The number of stillborn babies and women who have died during pregnancy increased by nearly a third during the pandemic, a review of 40 studies that covered 17 countries has found.

Many of the deaths were avoidable and likely caused by a lack of access to medical care, according to the authors of the study, which was published in the medical journal The Lancet.

The findings, however horrifying, shouldn’t come as a surprise.

Public health experts have warned about the pandemic having a disproportionate impact on women and their health from the outset. They knew the risk because this has happened before — previous epidemics of Ebola and Zika caused major setbacks for women and girls in the regions most affected by the outbreaks. Studies have shown that the number of stillbirths and maternal deaths increased in some countries hit by Ebola, because women were unable to access the appropriate services.

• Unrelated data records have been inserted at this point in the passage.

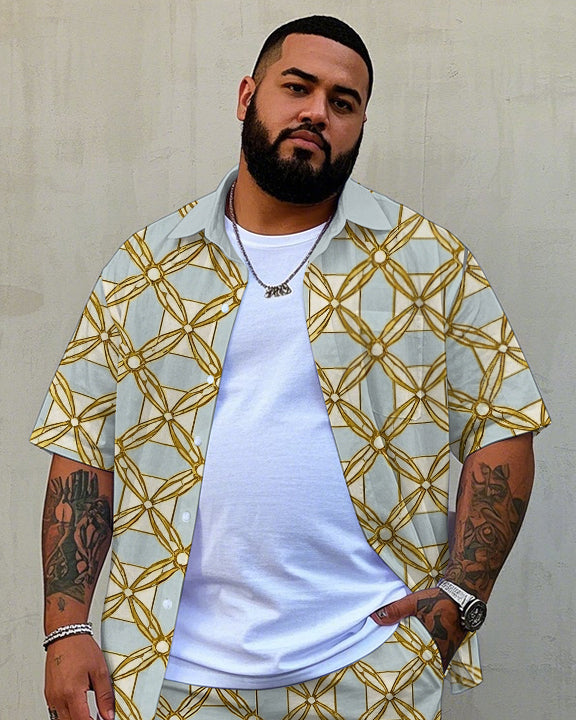 Big & Tall Geometric Vintage T-Shirt Shorts Set for big men view 2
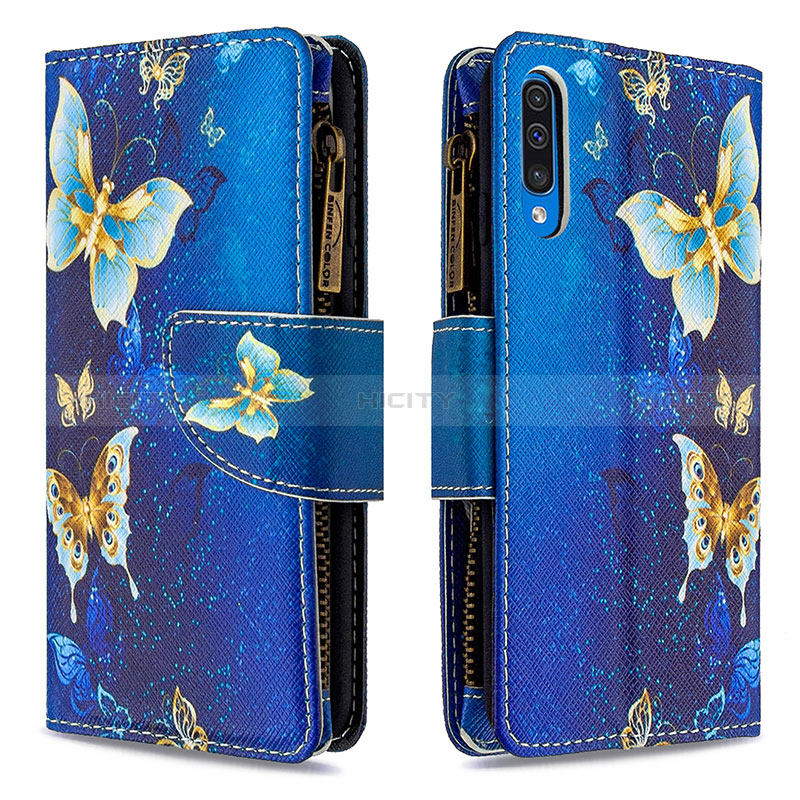 Coque Portefeuille Motif Fantaisie Livre Cuir Etui Clapet B04F pour Samsung Galaxy A30S Bleu Plus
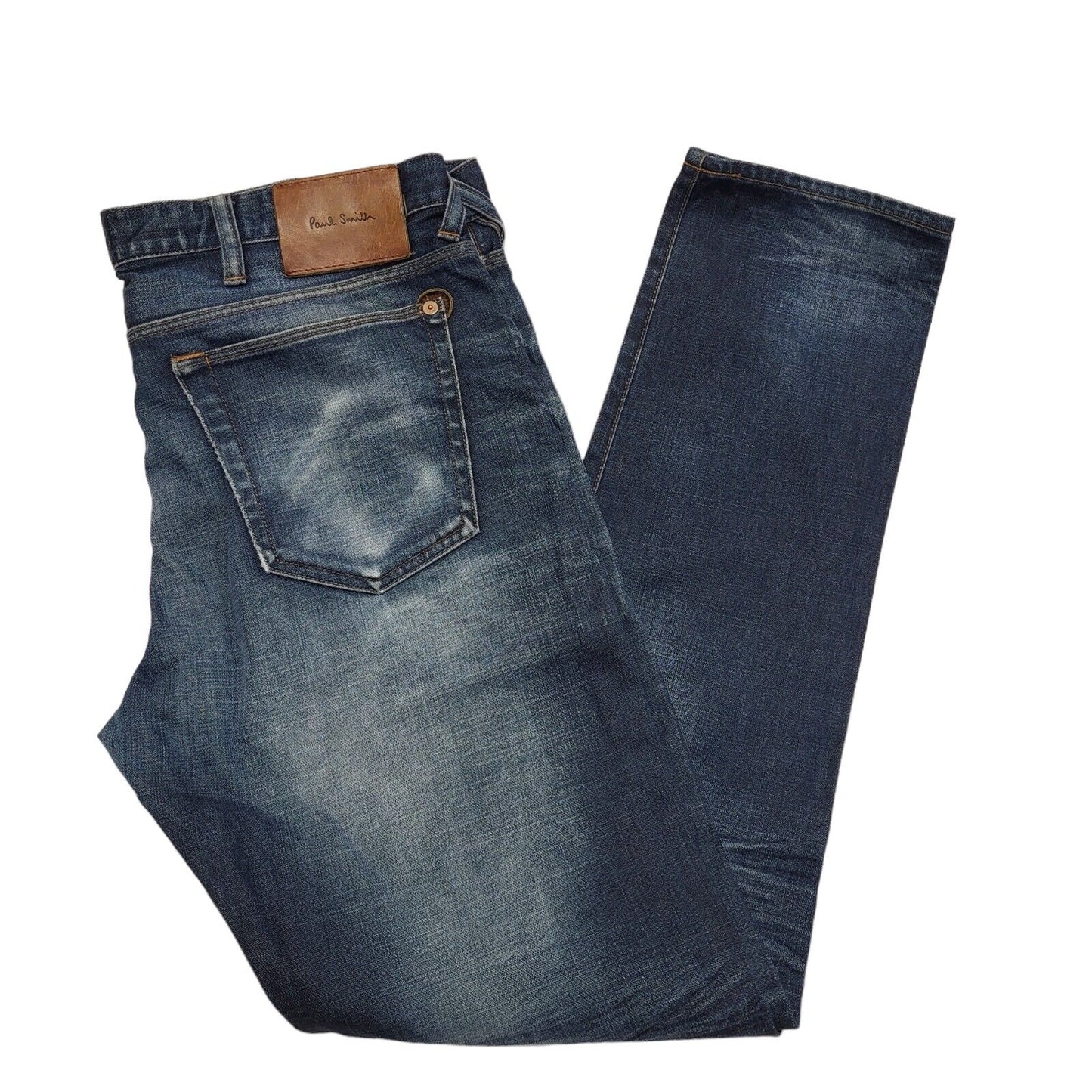 Paul Smith Faded Blue Slim Leg Distressed Denim Jeans Men's XL W36 L33 H197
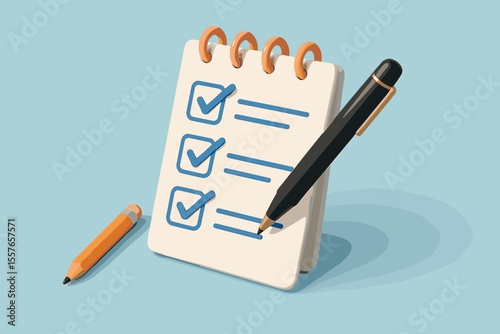 3D checklist on spiral notepad with pen ticking a checkbox. Concept of task management, productivity, goal setting, and successful completion. To-do list for project planning, survey, or exam.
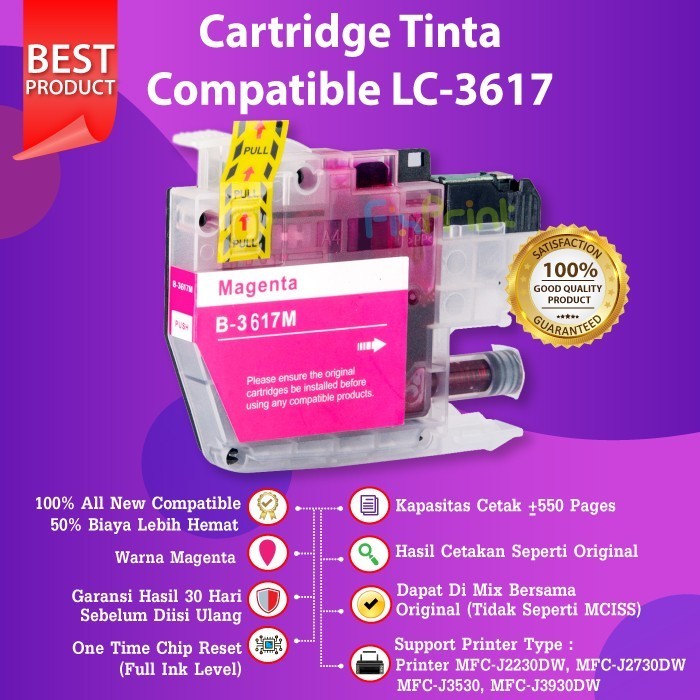 Chip Cartridge Tinta Lc3617 Lc 3617 Brothr J3530Dw J2230Dw J2730Dw Best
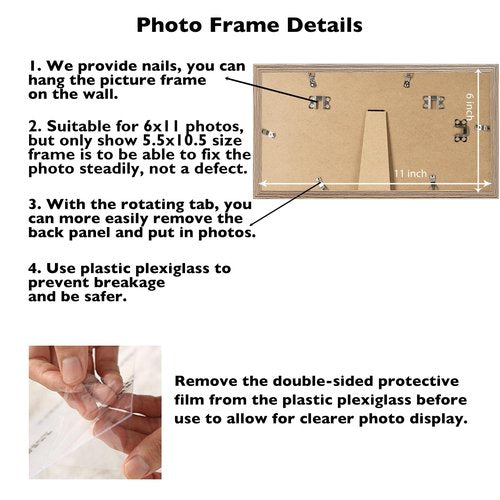 JCJMY 6x11 Picture Frame Rustic Brown for Wall Hanging or Tabletop, Wall Mounting Horizontally or Vertically, 6 x 11 Wall Gallery Poster Photo Frame with Shatter Resistant Plexiglass, Rustic Brown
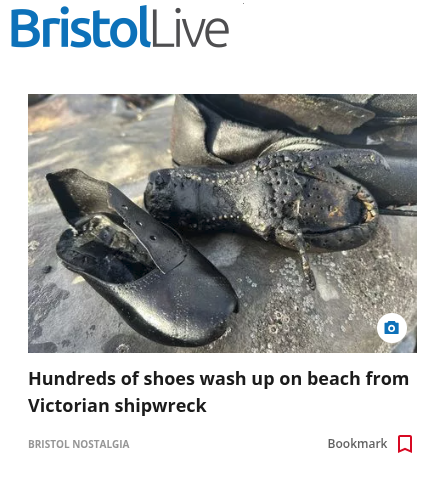 Hundreds of shoes wash up on beach from Victorian shipwreck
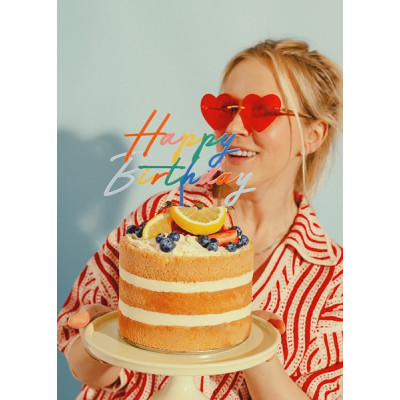 Cake Topper in acrilico scritta HAPPY BIRTHDAY multicolor decorazione torte dolci 18x16,5cm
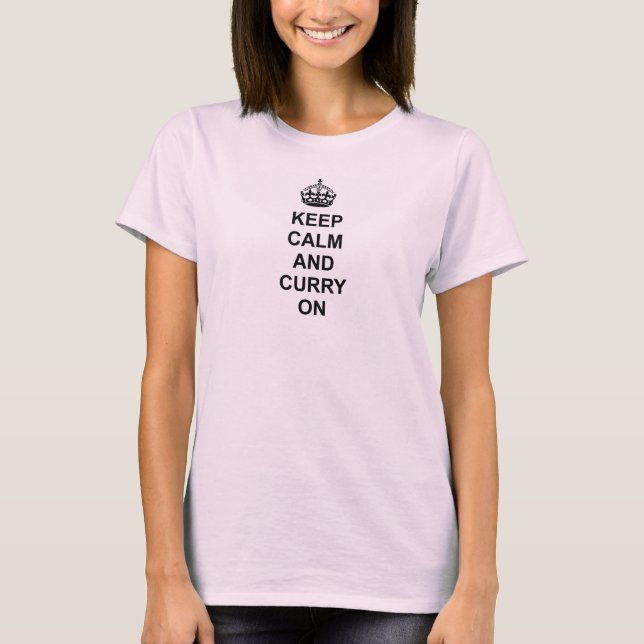 Gardez le calme et le curry sur T-shirt (Devant)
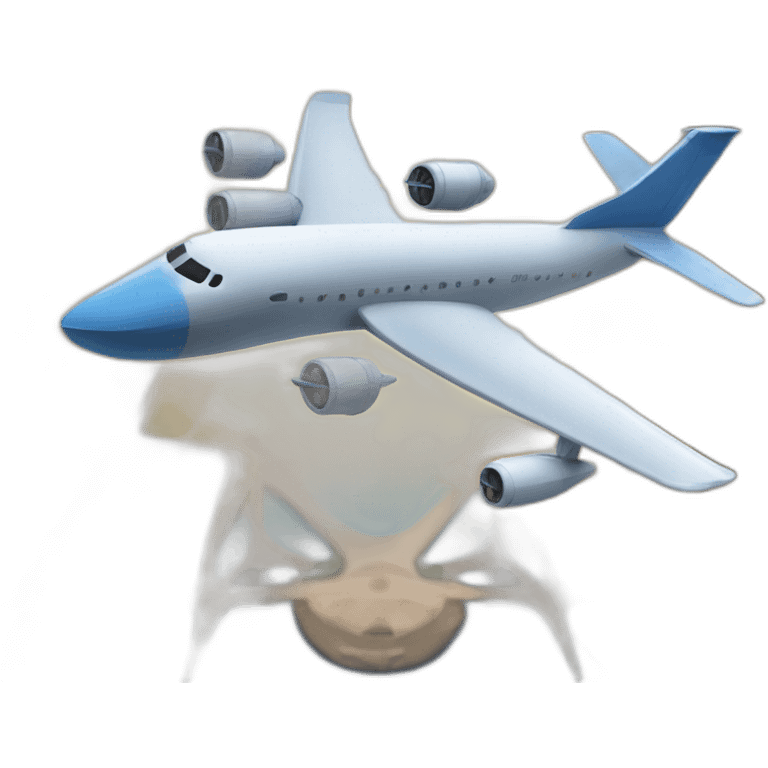 Plane with two towers in back ground emoji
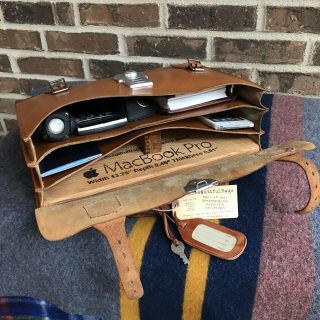 Vintage Cheney 1930s British Tan Saddle Leather Macbook Pro Briefcase Bag R$1498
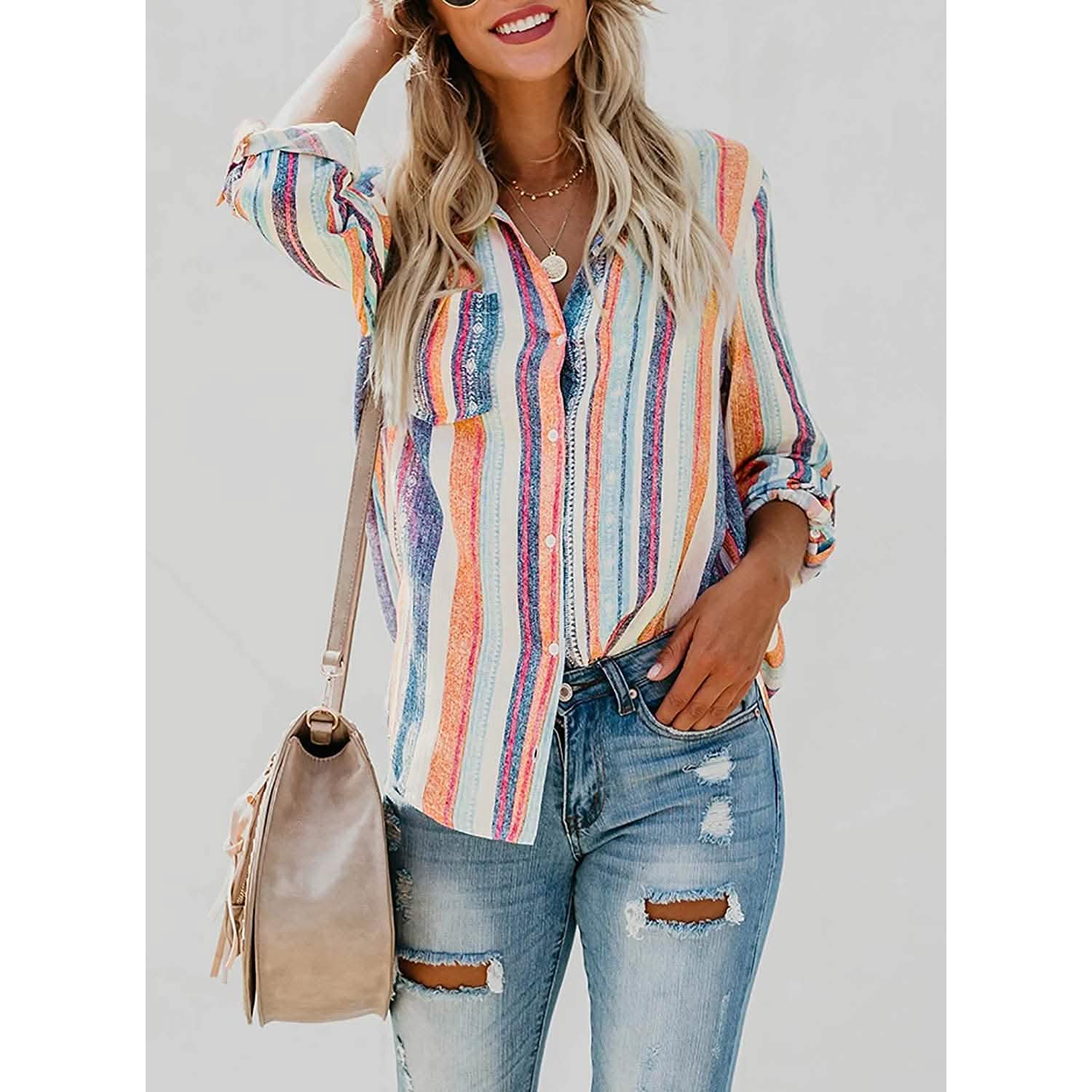 Women's V-Neck Striped Roll-Up Cuff Shirt DailySale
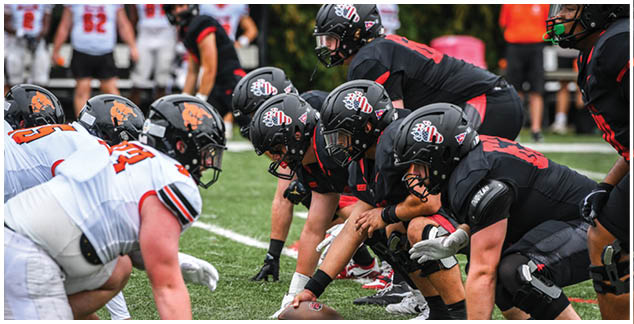 A group of football players in black and red uniforms are on the field. Description generated by AI
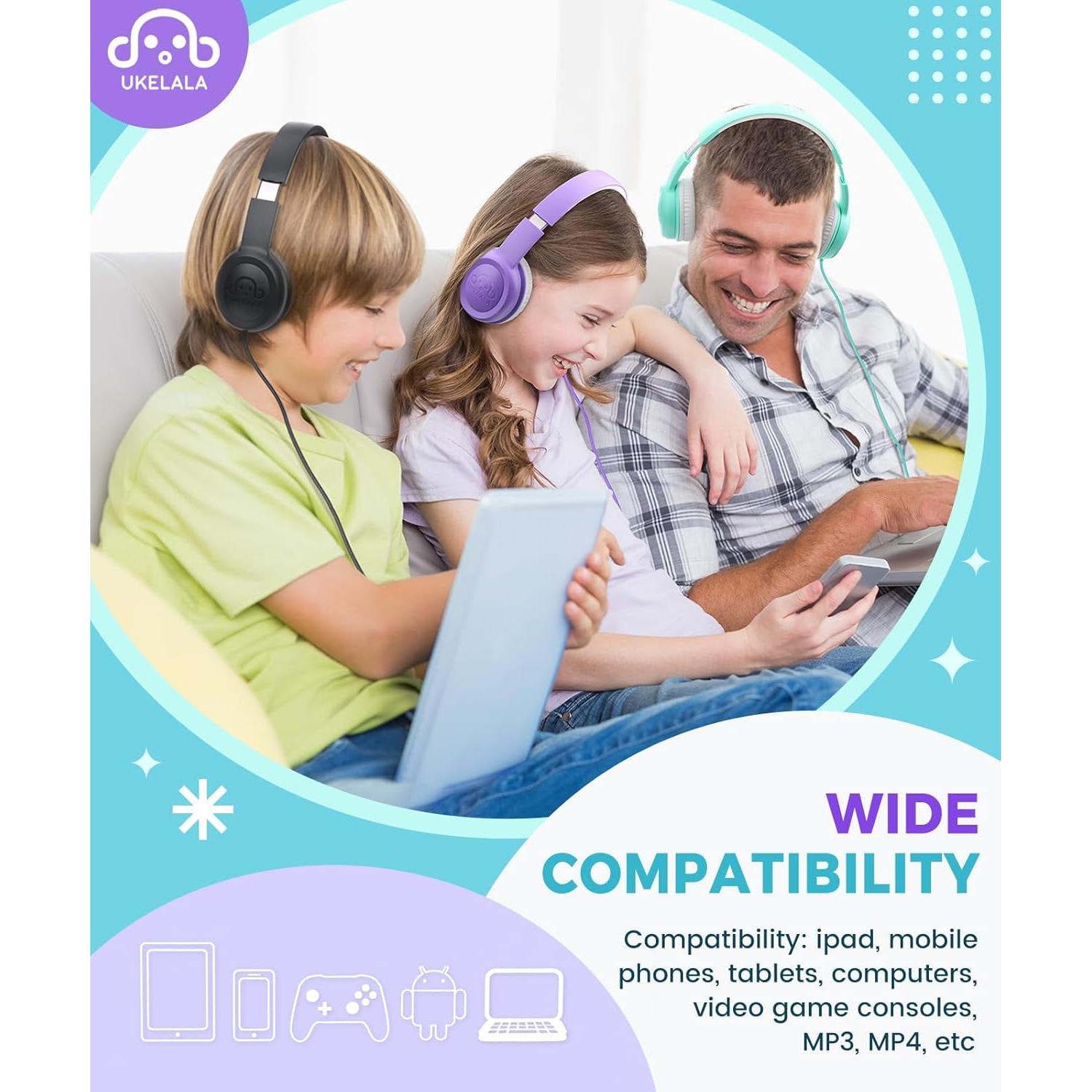 Auriculares UKELALA C3 para Niños Plegables 3.5mm Púrpura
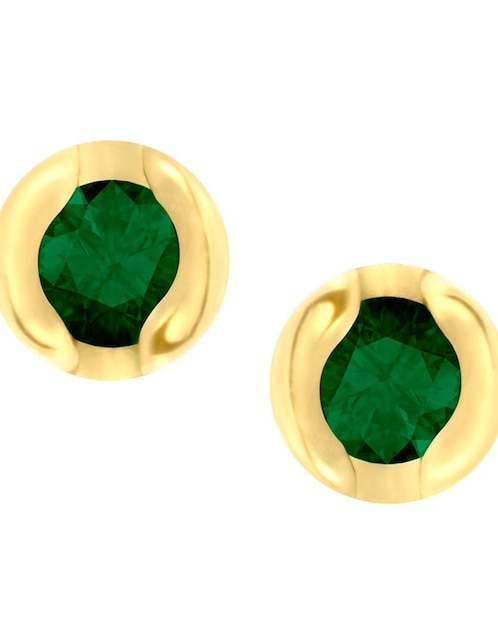 Broqueles de oro 14 K con acabado brillante esmeralda 1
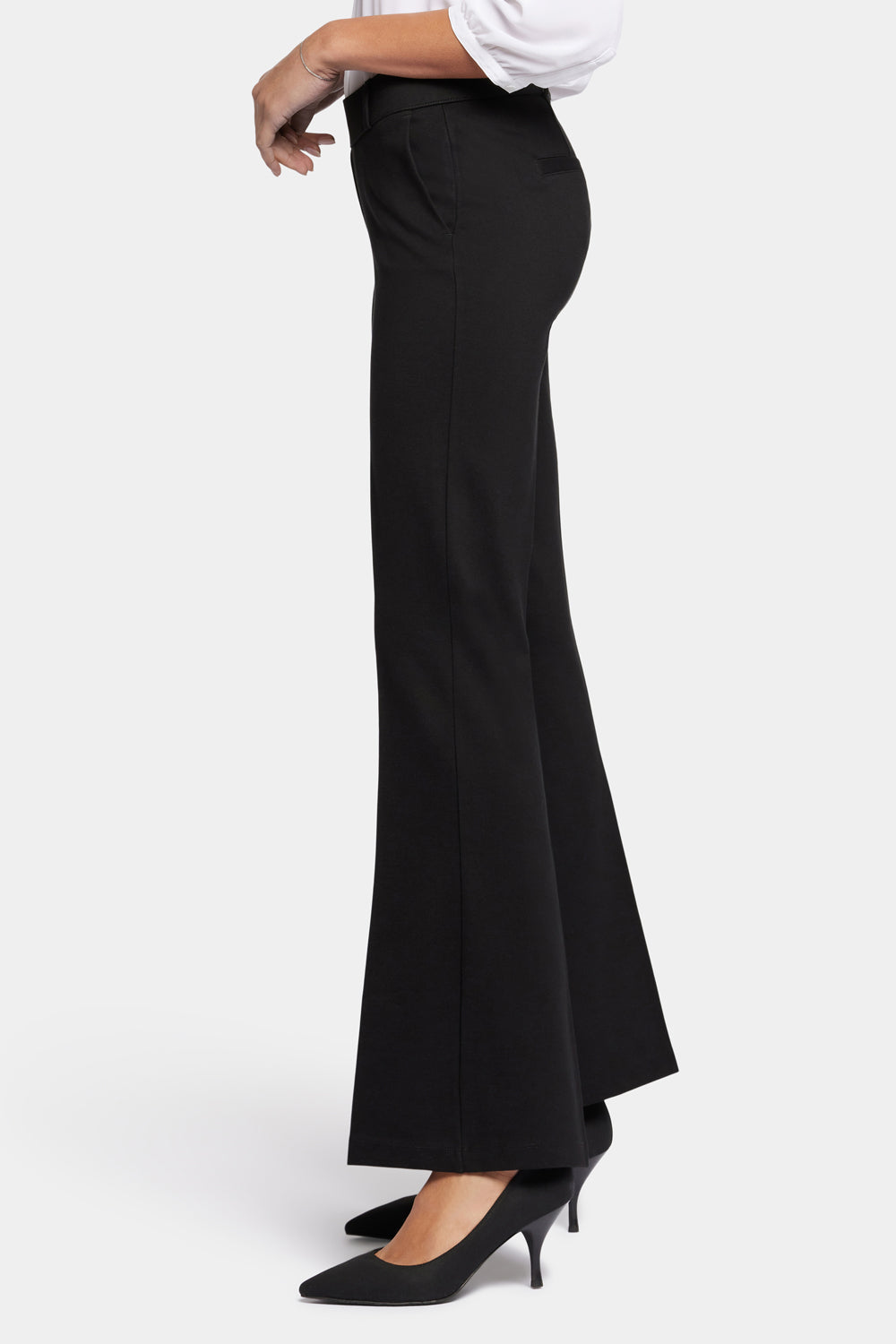 Pull-On Flared Trouser Pants - Black - pull on trousers
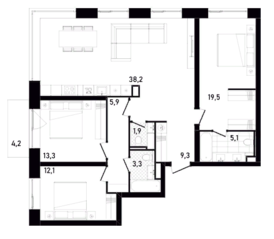 ЖК «Republic», планировка 3-комнатной квартиры, 109.87 м²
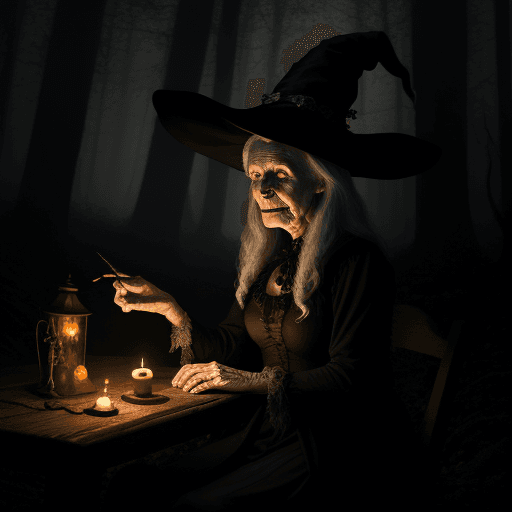 AI generated: an old  witch performs magic in a gloomy forest,in candlelight,mystical,dynamic light,halloween,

In the review, researchers from St. George’s, University of London said hospitals were overburdened with coronavirus patients, and some women may have been reluctant to go to the doctor, concerned they’d be exposed to Covid-19.

The study also found a nearly sixfold increase in ectopic pregnancies — when the fertilized egg grows outside a woman’s uterus, the review found. Untreated, ectopic pregnancies can cause life-threatening bleeding.

The higher risk of maternal mortality is just one of the many ways the pandemic has affected women.

The World Economic Forum said this week that the global gender gap has widened because of Covid-19 and that it will now take 36 years longer — 136 years in total — to close it.

Studies and surveys have shown that women were more likely to skip health care services, more likely to lose their jobs, more likely to suffer domestic violence and more likely to face financial hardship as a result of the pandemic.